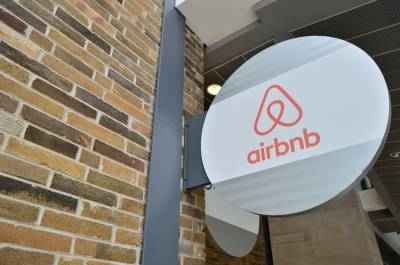 ΑΑΔΕ: Επιστρατεύει ακόμη και search robot στις πλατφόρμες Airbnb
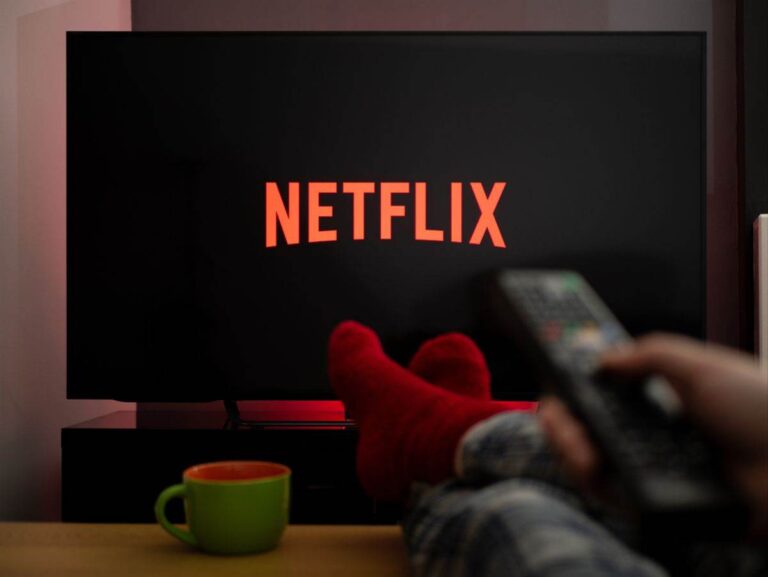 La miniserie de suspenso en Netflix que esta ambientada en los 80 y es ...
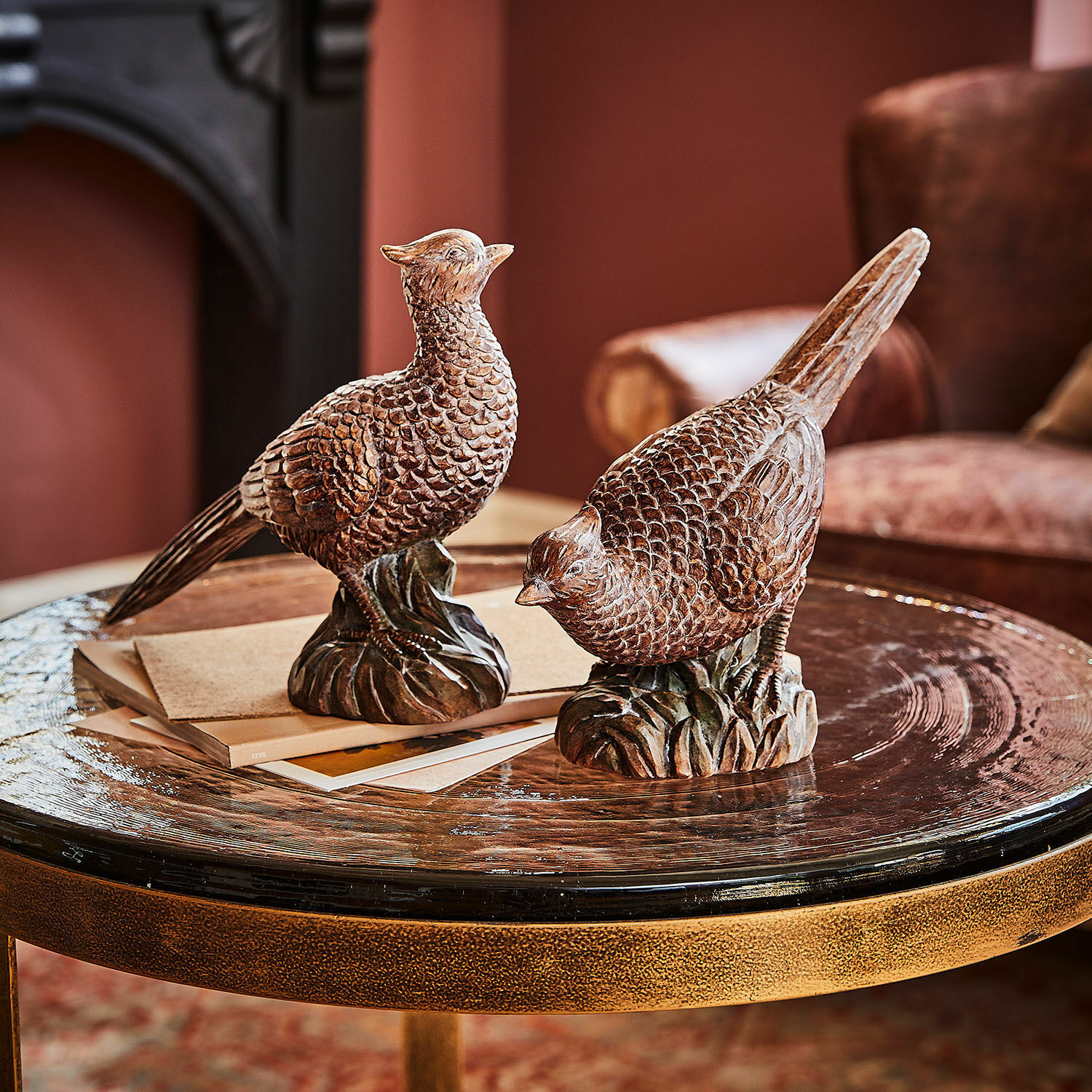 Coppia di uccellini decorativi Vivoso Due figure decorative di uccelli in legno marrone su tavolo in vetro in soggiorno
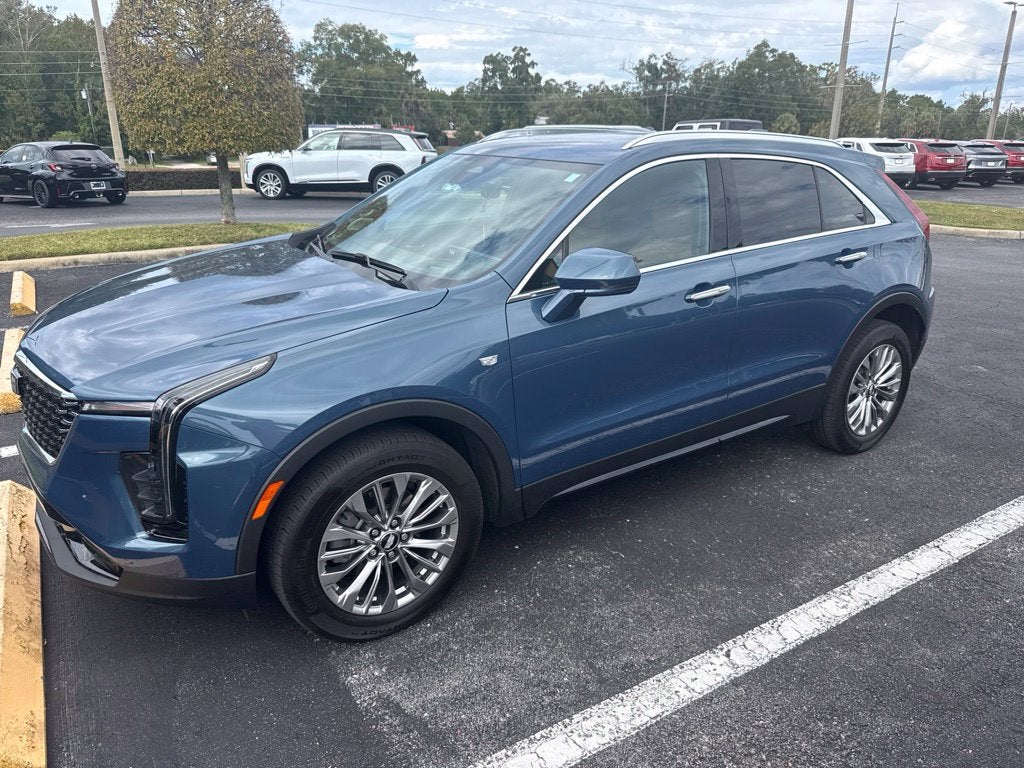 2024 Cadillac XT4 Premium Luxury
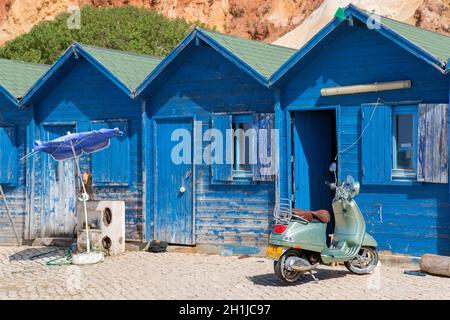 ALBUFEIRA, PORTUGAL - 25. August 2016: Typische kleine Fischer-Holzhäuser in Olhos de Agua, Algarve, Portugal. Stockfoto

══════

● What is required:
Please transcribe exactly the lines from the start of the records through the line containing "Coppia di uccellini", leaving the pictures out.

● Your solution:
 ΑΑΔΕ: Επιστρατεύει ακόμη και search robot στις πλατφόρμες Airbnb
 La miniserie de suspenso en Netflix que esta ambientada en los 80 y es ...
 Coppia di uccellini decorativi Vivoso Due figure decorative di uccelli in legno marrone su tavolo in vetro in soggiorno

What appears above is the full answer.